Crystal: Discussion: Hashing namespace with Hasher classes

Created on 16 Jun 2017 · 18Comments · Source: crystal-lang/crystal

Currently Crystal ignores existence of HashFlood: hash function for base types is trivial "identity", and for strings it is very simple and easy to forge, and no any seeding performed.

Hash functions should be at least not-trivially forged when random seed used.

Design with separated hasher allows switch between different hash algorithms: default "safer" for public facing applications, and "faster" for non-tainted data.

As proposed by @RX14

class Object
  def hash
    Hashing::StdHasher.build do |hasher|
      hash(hasher)
    end
  end

  def hash(hasher)
    hasher << object_id
  end
end

class MyClass
  property foo : Foo
  property bar : Bar

  def hash(hasher)
    hasher << @foo << @bar
  end
end

Extracted from #4557 discussion because it may be discussed and implemented before.

/cc @RX14, @funny-falcon

Source

akzhan

Most helpful comment

Thanks for taking the time to explain. I agree hash codes as currently implemented are simple but basic and problematic (leading to attack vectors).

allows switch between different hash algorithms, one safer, one faster.
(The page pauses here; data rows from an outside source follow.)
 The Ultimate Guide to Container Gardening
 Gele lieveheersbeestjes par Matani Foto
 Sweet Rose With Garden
No. There should be a single hash solution, good for all use cases (safety first, then the fastest), implemented just like today: a generic Object#hash implementation, which can be overriden to better fits each struct/class data.

ysbaddaden on 19 Jun 2017

👍2

All 18 comments

Looks like we need

module Hashing
  alias Type = Int32

  module Build
    def build : Type
      builder = new
      yield builder
      builder.calculate
    end

    def seed
      555
    end
  end

  class StdHasher
    extend Build

    property val

    def initialize
      @val = 0
    end

    def <<(value) : self
      self.val += value
      self
    end

    def calculate : Type
      val + self.class.seed
    end
  end

end

hash = Hashing::StdHasher.build do |hasher|
  hasher << 12 << 24
end

p hash

Any suggestions?

akzhan on 16 Jun 2017

Looks a lot like I thought about.

There is also need for random seed. I understood how to generate it with SecureRandom, but I'm in doubdt how to share it between StdHasher and Int32Hasher (special case for Hash(Int32, V)). Can you give me an advice?

funny-falcon on 16 Jun 2017

I suppose that You may implement seed in another module like a Build. Extend classes with it and do self.class.seed.
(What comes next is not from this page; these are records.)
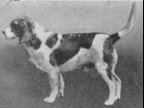 Dual Ch. Frank Forest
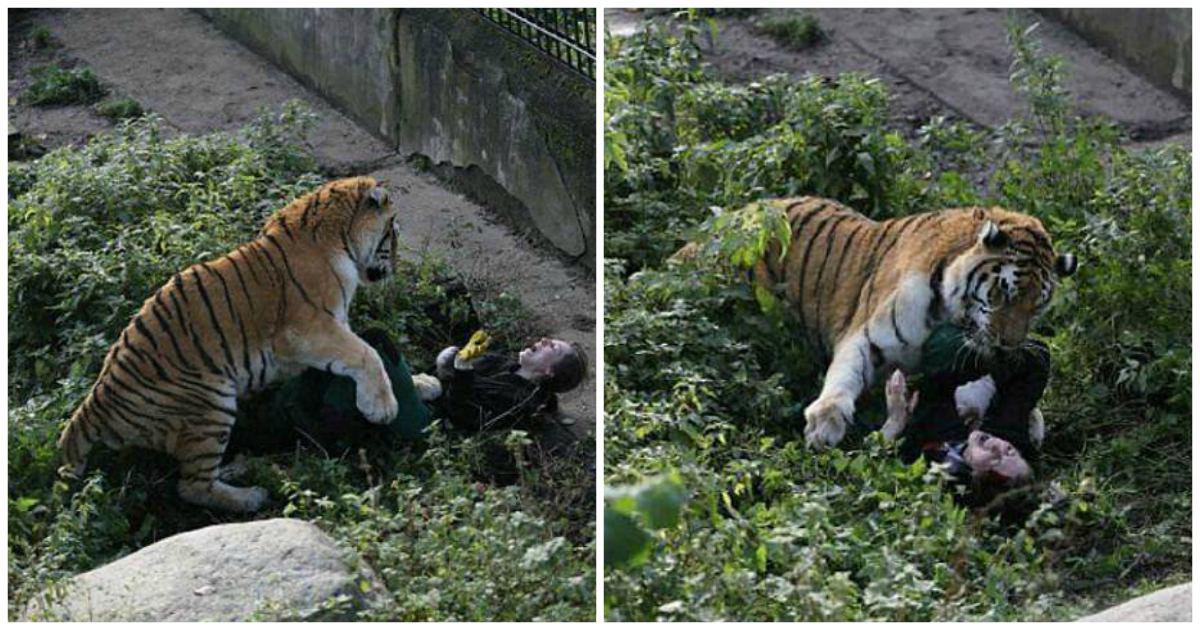 Τίγρης επιτέθηκε και κακοποίησε φύλακα που της πήγαινε φαγητό όταν το κλουβί της αφέθηκε ανοιχτό από λάθος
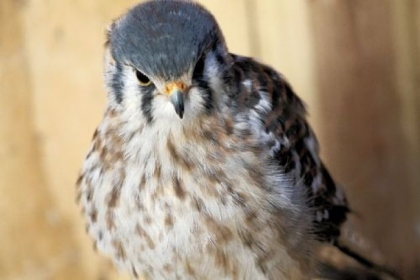 Visitors to the National Aviary this weekend can learn about the American kestrel and other falcons.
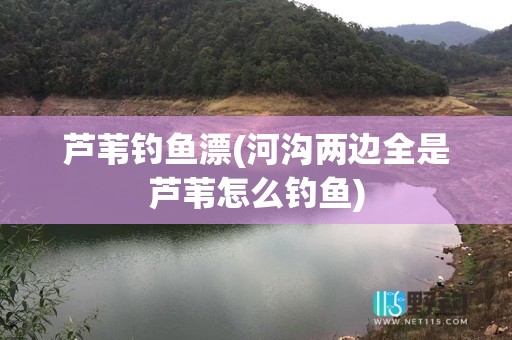 芦苇钓鱼漂(河沟两边全是芦苇怎么钓鱼)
By the way - hashers are reference classes in example above now.

akzhan on 16 Jun 2017

Here is draft of Hashing::StdHasher https://gist.github.com/funny-falcon/52eb622d689a2eae3e2d7b4e4a77d5ac

I strongly miss #1517 for convenience. Had to do wrapper struct holding pointer to implementation to achieve stack allocation + pass-by-pointer + convenient method calling. Compiler is not smart enough to allocate class-object on a stack.

funny-falcon on 17 Jun 2017

👍1

why not

class String
  def hash(hasher)
    hasher << to_slice
  end
end

also looks like Object.hash() with build already does *.hash with build, so need no duplicated code.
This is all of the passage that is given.